To give some more details: $$p(t|x,\mathbb{w})= \mathcal{N}(t|y(x,\mathbb{w}),\beta^{-1}) \tag{1.60}$$ and $$p(\mathbb{w}|\mathbb{x},\mathbb{t},\alpha,\beta) \propto p(\mathbb{t}|\mathbb{x},\mathbb{w},\beta)p(\mathbb{w}|\alpha)$$ i.e. a posterior distribution is proportional to likelihood times prior.

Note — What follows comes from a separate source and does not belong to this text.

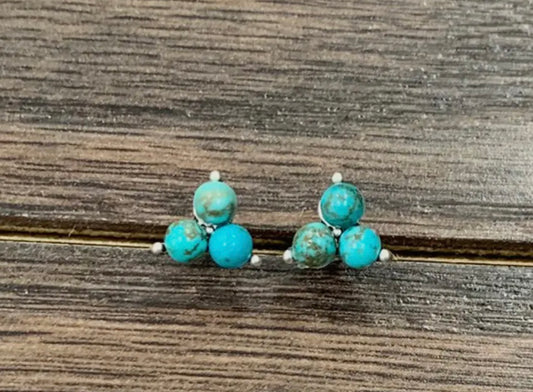 Turquoise Cluster Stud Earrings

So we would obtain the $p(\mathbb{w}|\mathbb{x},\mathbb{t})$ term in the integral by normalizing the distribution in (1.60).

1

There are 1 best solutions below

4
On BEST ANSWER

The problem is one of predicting a new target at a given, non-random, input point $x$ where $\mathbb{w}$ is distributed under the posterior having observed the targets $\mathbb{t}$ at the input points $\mathbb{x}$, therefore the posterior only has a dependence on those input points to which there also corresponds some observed target, that is $$ p(\mathbb{w}|x,\mathbb{x},\mathbb{t})=p(\mathbb{w}|\mathbb{x},\mathbb{t}) $$ so then by marginalising over $\mathbb{w}$ you have $$ \begin{align*} p(t|x,\mathbb{x},\mathbb{t}) &= \int p(t, \mathbb{w} | x, \mathbb{x}, \mathbb{t} ) d\mathbb{w} \\ &= \int p(t | \mathbb{w}, x, \mathbb{x}, \mathbb{t} ) p(\mathbb{w} | x, \mathbb{x}, \mathbb{t}) d\mathbb{w} \\ &= \int p(t|\mathbb{w},x,\mathbb{x},\mathbb{t})p(\mathbb{w}|\mathbb{x},\mathbb{t})d\mathbb{w} \end{align*} $$ Now it follows from $t|x,\mathbb{w} \sim \mathcal{N}\left(y(x,\mathbb{w}), \beta^{-1} \right)$ that the distribution of the target $t$ at a new point $x$ depends only on that point and the parameters $\mathbb{w}$, as well as the parameter $\beta$ but that is being suppressed here for keeping the notation compact, and therefore $$ p(t|\mathbb{w},x,\mathbb{x},\mathbb{t})= p(t|\mathbb{w},x), $$ which gives the quoted result.

In summary one goes from the fully specified conditionals to their more compact representations by considering information that becomes redundant due to any conditional independence properties of the model. So for example conditional on the specific parameters $\mathbb{w}$ of the model, knowing the input points $\mathbb{x}$ and $\mathbb{t}$ from which the posterior information regarding these parameters arose gives us no new information regarding the distribution of $t$ at a new point $x$ because conditional on their respective input points, and the model parameters, each target is independent $$ \begin{align*} p(t, \mathbb{t}|x,\mathbb{x},\mathbb{w} ) &= \mathcal{N}(t|y(x,\mathbb{w}),\beta^{-1})\prod_{i \; : \; x_i \in \mathbb{x} }\mathcal{N}\left(t_i | y(x_i, \mathbb{w}), \beta^{-1} \right) \\ &= p(t|x,\mathbb{w})p(\mathbb{t}|\mathbb{x},\mathbb{w}). \end{align*} $$